[Supplied data — start]

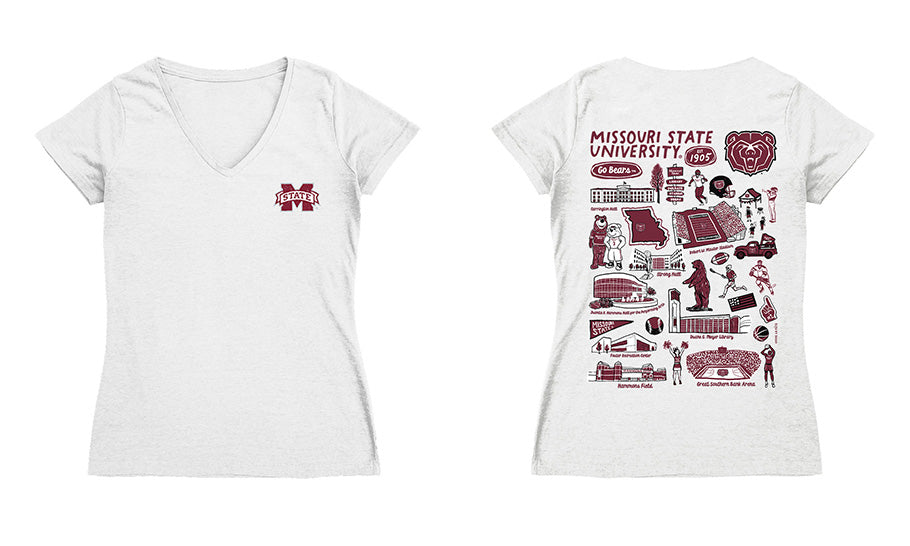 Missouri State Bears Hand Sketched Vive La Fete Impressions Artwork Maroon Women Cotton Short Sleeve V-Neck Tshirt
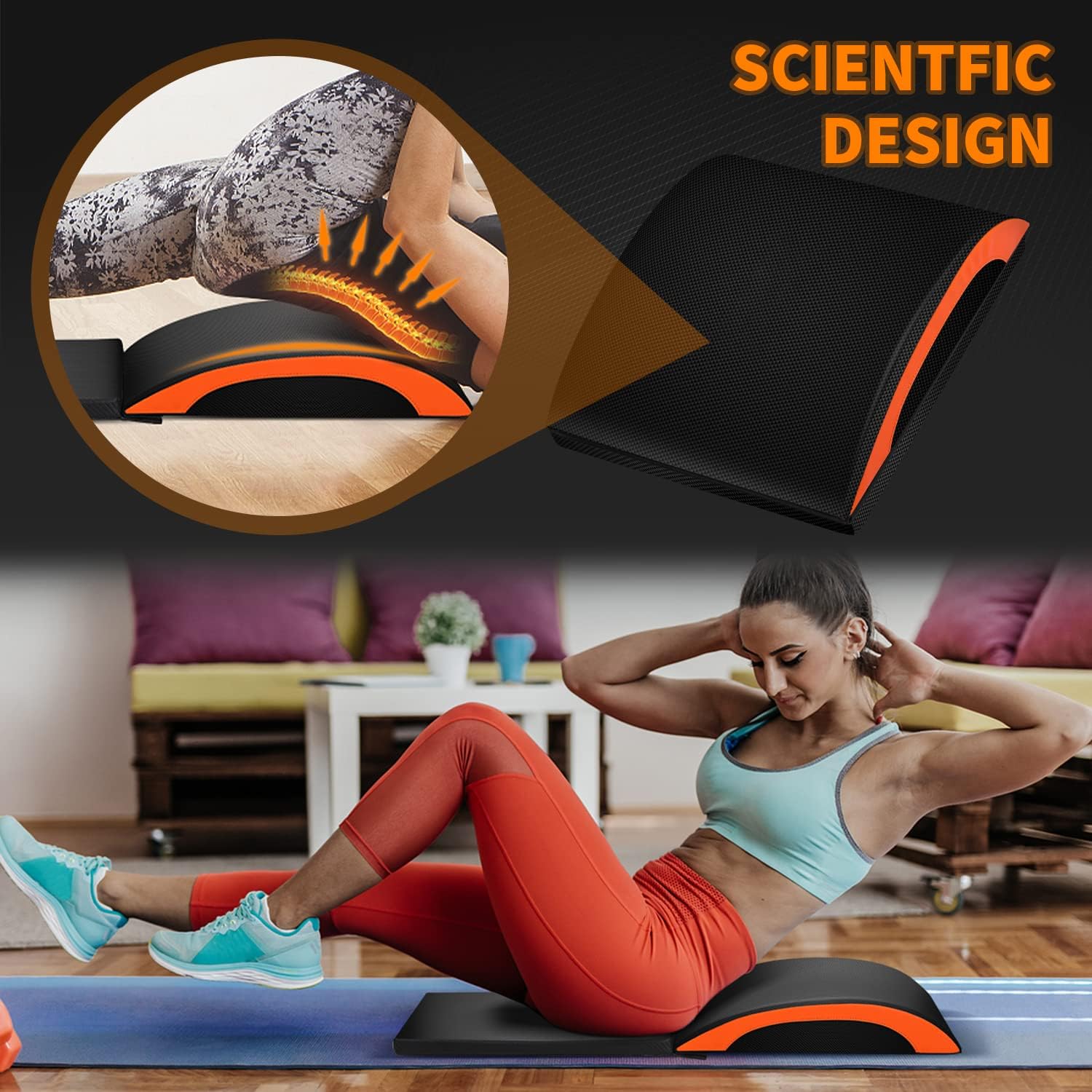 Outroad Ab Mat and Exercise Mat with Tailbone Protecting Pad - Sit Up Pad - Abdominal & Core Trainer Mat for Full Range of Motion Ab Workouts
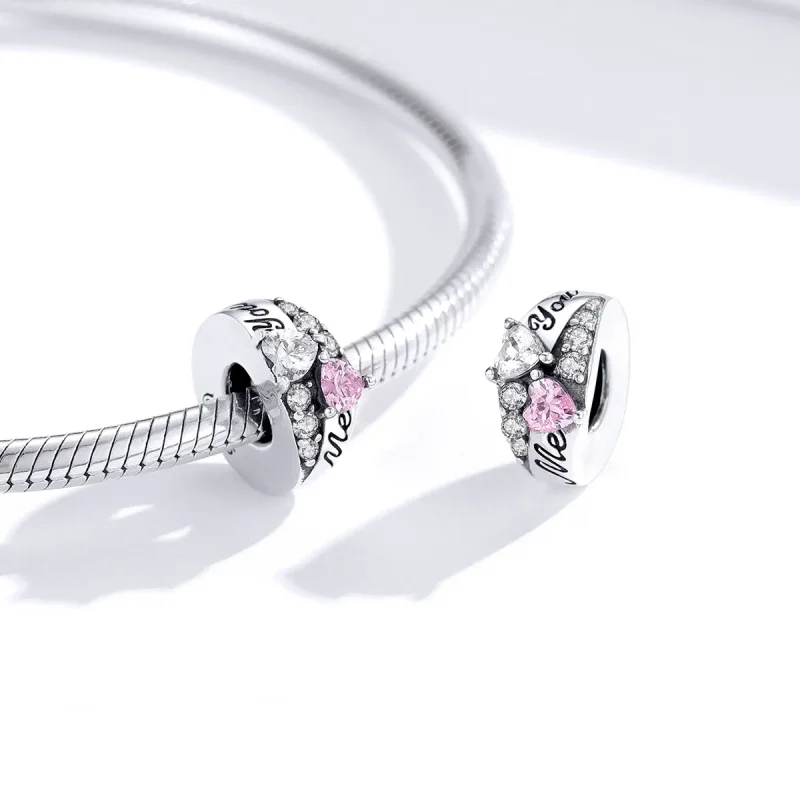 (image for) Pandora Style Silver Sweet Heart Spacer Charm - BSC283 - View 3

[Supplied data — finish]

Goal of the exercise: Each line above should be written out again exactly, and no picture should appear in the copy.

Answer to the problem:
 Missouri State Bears Hand Sketched Vive La Fete Impressions Artwork Maroon Women Cotton Short Sleeve V-Neck Tshirt
 Outroad Ab Mat and Exercise Mat with Tailbone Protecting Pad - Sit Up Pad - Abdominal & Core Trainer Mat for Full Range of Motion Ab Workouts
 (image for) Pandora Style Silver Sweet Heart Spacer Charm - BSC283 - View 3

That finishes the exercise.